Why does the stock market react so strongly to rising interest rates?

The Dow is down by about 200 points right now. The radio and the SF Chronicle said that stocks are down so far because the stronger-than-expected rise in the consumer price index might mean that interest rates will keep going up.

This is probably a dumb question (I know almost nothing about economics or the stock market), but why does the market react so strongly to any hint that interest rates might go up?

Higher interest rates mean higher debt expenses for companies which translate to lower earnings.
The stock market is speculative. Investors are interested in what will happen to the company in the future. If earning projections take a fall then the value of the company also takes a hit.

Higher interest rates also make bonds a relatively more attractive investment than stocks, which would tend to make people sell their stocks, buy bonds, and drive the stock market down.

High interest rates reduce investment by companies, individuals and even the government. This has the effect of slowing down the economy. Lower investment mean fewer jobs fewer growth prospects for the economy.

This is also why tax cuts can hurt the economy. As the government deficit increases through lower tax revenue, the government has to borrow money in the form of T-bonds. Thus the government ends up competing with private industry for dollars by increasing interest rates. This is known as the “crowding out” effect of tax cutting.

Which has been basically discredited. Tax cuts have been empirically shown to be net stimulative, at least at our current levels of taxation.

What got me when I read about this on CNN today was that they attributed the drop to “consumers” being worried about the CPI. Like “Mom and Pop” investors make thier investment decisions based upon the CPI and that they all put down there coffees today and called there brokers as soon as they heard the news! The actual consumers they were talking about are a small number of big investment firms that stand to lose or make billions based upon such percieved changes. I think Mom and Pop just thought, well damn we’re getting a real screwing on gas prices this last month no wonder the CPI went up.

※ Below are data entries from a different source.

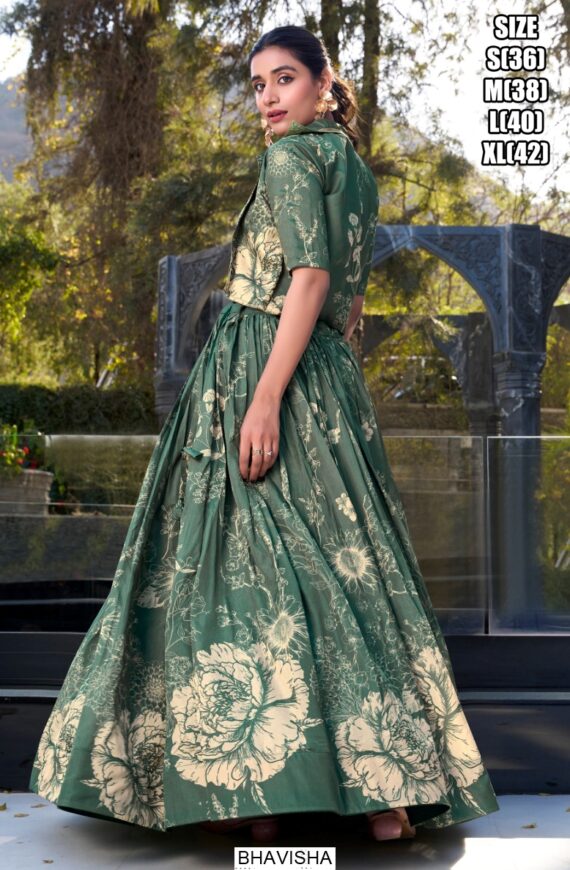 Floral Printed Tussar Silk Lehenga Choli With Koti – Fully Stitched With Heavy Tassels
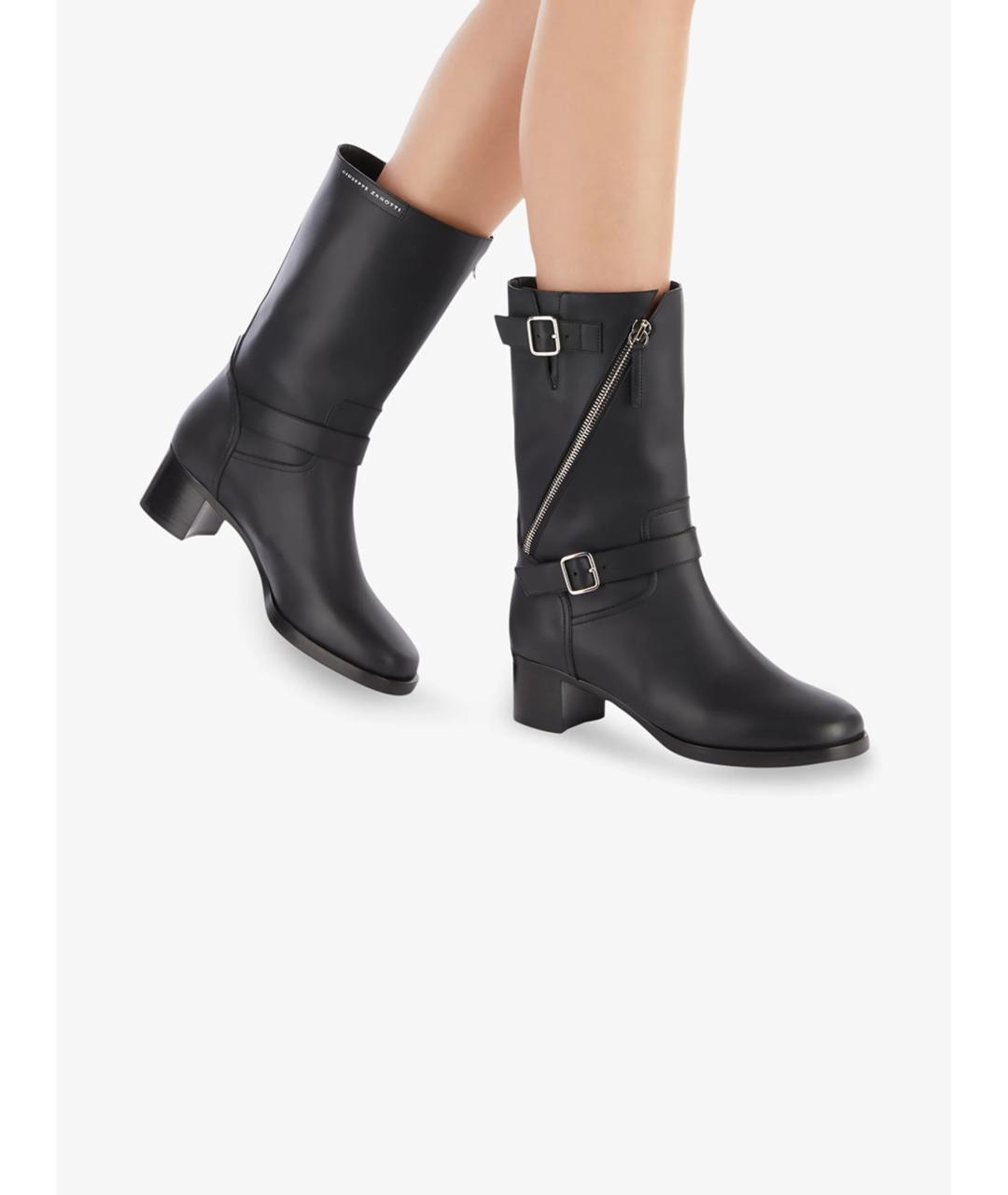 GIUSEPPE ZANOTTI DESIGN Черные кожаные сапоги, фото 3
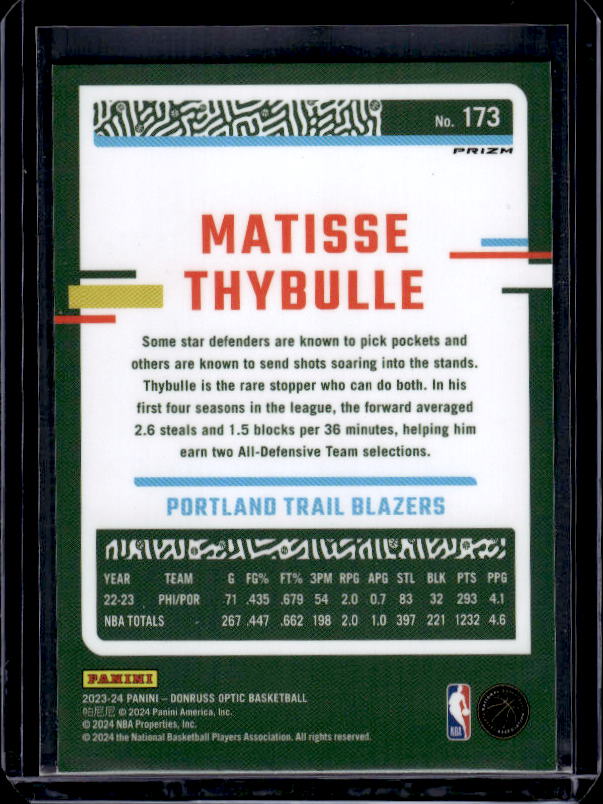 2023-24 Donruss Optic #173 Matisse Thybulle Purple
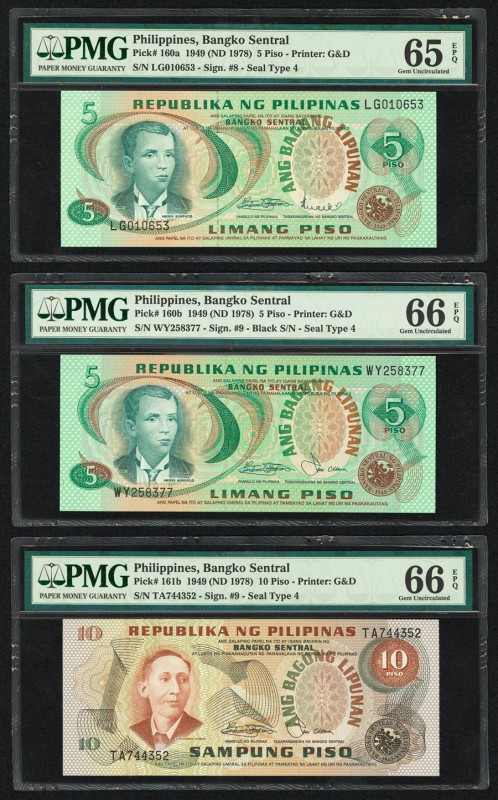 Lot Of Six Examples From Philippines Bangko Sentral. 5 Piso 1949 (ND 1978) Pick ...
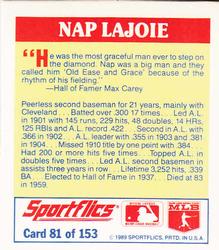 1989 Sportflics - The Unforgetables #81 Nap Lajoie Back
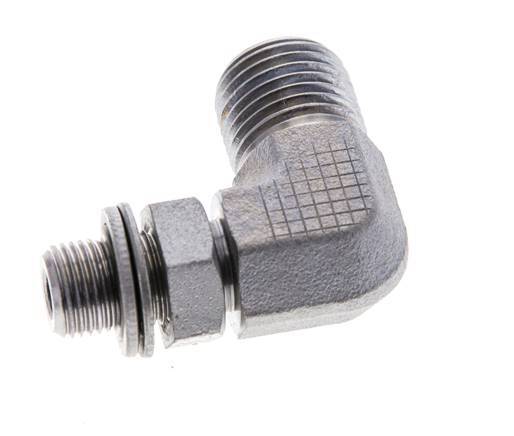 UNF 9/16''-18 x G 1/8'' Male Zinc plated Steel 90 deg Elbow Fitting ORFS 400 Bar - Hydraulic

Cite please. Tax cuts can stimulate the economy by raising consumption…people spend more money. Additionally, tax cuts actually yield HIGHER government spending since people perceive them as a discount on government services and demand more government, which goes against the “starve the beast” idea. This also can stimulate the economy. But investment must be sacrificed (no such thing as a free lunch), and investment is what drives future growth.

Since stock value is actually a measure of perceived future earnings (cash flows, actually), stock prices naturally fall when interest rates are higher.